How can I know if my spouse is hiding assets?
Full Collaborative Disclosure is the answer.
How can you be certain your spouse has disclosed all marital assets during a divorce? The answer depends on how you divorce. In a litigated divorce, there is no duty of full disclosure, while in a collaborative divorce, spouses agree to voluntarily disclose all relevant information. A financially complex divorce generates conflict and may produce dishonesty as each spouse tries to get what they feel is their fair share of the marital estate. The collaborative process requires full disclosure and collaborative attorneys monitor their client’s sharing of information. There is no similar obligation to disclose relevant information in a litigated divorce. Instead, litigation attorneys hide information and resist discovery of documents.
Collaborative Disclosure Safeguards
In a collaborative divorce, the parties sign a Participation Agreement that obligates them to disclose all relevant information. Upon request, the collaborative parties can be required to sign an affidavit stating they have fairly and fully disclosed all marital property. Also, a paragraph can be included in the Divorce Decree automatically awarding any undisclosed marital asset to the party who did not possess or control the property prior to divorce.
The Neutral Financial Professional
Collaborative financial professionals are trained to analyze financial information and detect missing data. By comparing information from tax returns, brokerage and bank statements, employment contracts, pension plans and analyses of cash flow and net worth, collaborative financial professionals can determine if there is missing information. For example, if a tax return shows dividend or interest income but there is no corresponding brokerage or bank statement showing assets that earned the dividend or interest, that’s a sure sign marital assets are missing. Also, you can accumulate income generated during a marriage, subtract expenses and compare the balance with reported marital assets. If the two values don’t roughly match, that’s an indication there may be missing information.

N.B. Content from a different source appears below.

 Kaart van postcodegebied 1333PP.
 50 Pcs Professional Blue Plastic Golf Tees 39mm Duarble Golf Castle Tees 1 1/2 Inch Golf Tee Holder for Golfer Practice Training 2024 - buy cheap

In a traditional litigated divorce, there is no duty to disclosure. Instead, litigation attorneys force the other side to submit formal discovery requests to uncover assets. Formal discovery includes requests for production of documents, requests for answers to interrogatories, requests for admissions, a request for a verified inventory and appraisement and the taking of oral depositions. Formal discovery doesn’t guarantee you will uncover all the marital assets, because there is no requirement to disclose any information not specifically requested in writing. You have to ask for the information to receive it. In a collaborative divorce, the parties voluntarily disclose everything.
Ways to Hide Assets
There are several ways to hide assets: stash cash in a safe deposit box, prepay income taxes, give cash to a friend for safekeeping or deposit funds in a numbered offshore account. It’s difficult to discover cash hidden in a safe deposit box. You can question your spouse under oath during a deposition and analyze the books to see if they balance, but these methods are not fool-proof. Prepaid income tax is easy to find if you know to look. Hiding money with a friend or paramour is difficult to discover even if you take their depositions. And, finding money hidden in a numbered offshore account is nearly impossible. Even the IRS has difficulty discovering the existence of these accounts.
Trusting Collaborative Disclosure
The most common question asked by couples considering a collaborative divorce is: how can I be certain my spouse isn’t hiding assets? It’s natural to be concerned that your spouse may have been hiding money. The collaborative process contains several safeguards to ensure that all assets are disclosed, while there are no guarantees in a litigated divorce. Collaborative attorneys make certain their client discloses all significant information; litigation attorneys force the other side to search for assets. If a collaborative attorney believes his client is hiding assets, he will order his client to disclose the asset or he must withdraw from representation. This usually convinces a collaborative client to cooperate and if they don’t, you are aware there is a discovery problem. Litigation attorneys have no such duty.
The Benefits of Collaborative Disclosure
Discovery disputes during a litigated divorce are costly and encourage hiding assets, because there is no contractual obligation to disclose relevant information. By contrast, collaborative clients agree to full disclosure and engage a single financial professional trained to spot discovery problems. Most important, by agreeing to a collaborative divorce, you and your spouse have signaled you want to reach an amicable settlement of your dispute without court intervention. The Participation Agreement guarantees you are getting the fullest disclosure possible during a collaborative divorce.